How I Accidentally Became a Travel Writer

Lake Srinigar, Kashmir, on my hippie honeymoon. There was nothing in the hookah; we were just naturally nerdy

It’s summer — the perfect time to read Getting Naked for Money: An Accidental Travel Writer Reveals All. This excerpt from my memoir–plus bonus text about my worst job interview, ever–is a teaser.

Is Travel Writing Real Writing?

I had writer’s block before I ever became a writer.

By the time I was 25, I probably had as many interesting adventures as Paul Theroux had at that age, but I never committed them to paper. I told myself that writing meant novels, short stories, and poetry—which I did attempt, sporadically—not dispatches from my life. I know, this sounds a bit dim, given the number of exotic countries I visited, including Afghanistan, Iran, Uzbekistan, and Nepal, but because I didn’t read travel literature—and didn’t really consider it literature—it never occurred to me to write it.

Nor, having grown up before “journal” became a verb, was I in the habit of recording pithy observations about the meaning of life or the wonders of nature.

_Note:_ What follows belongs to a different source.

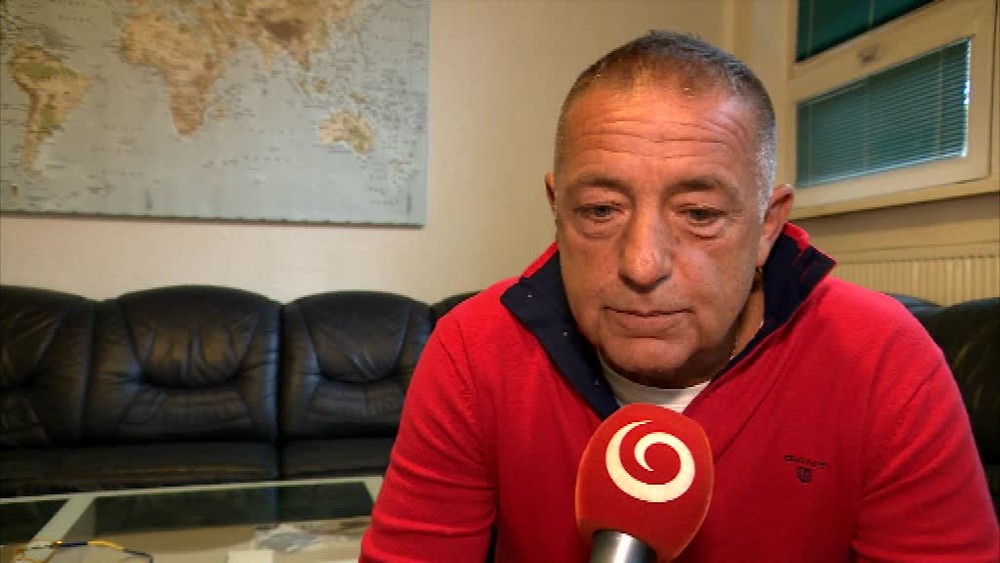 Fedor Flašík sa ospravedlnil za hodiny pred prezidentským palácom114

I filled the beautifully bound notebooks that I bought to goad myself to write with inchoate ramblings about my relationships—or lack thereof—with boys and, later, men. Some writers can look back proudly at their literary precociousness. Me, I found several entries in a pink diary dating to the days when the Beatles first arrived in the U.S. that read: “Dear Diary, I love Paul. He’s so cute. I wish he would love me. Goodnight, Edie.” If I’d had the strength of character to love John or even George and the originality to choose a diary that wasn’t pink, I’m certain I would have become a writer far sooner.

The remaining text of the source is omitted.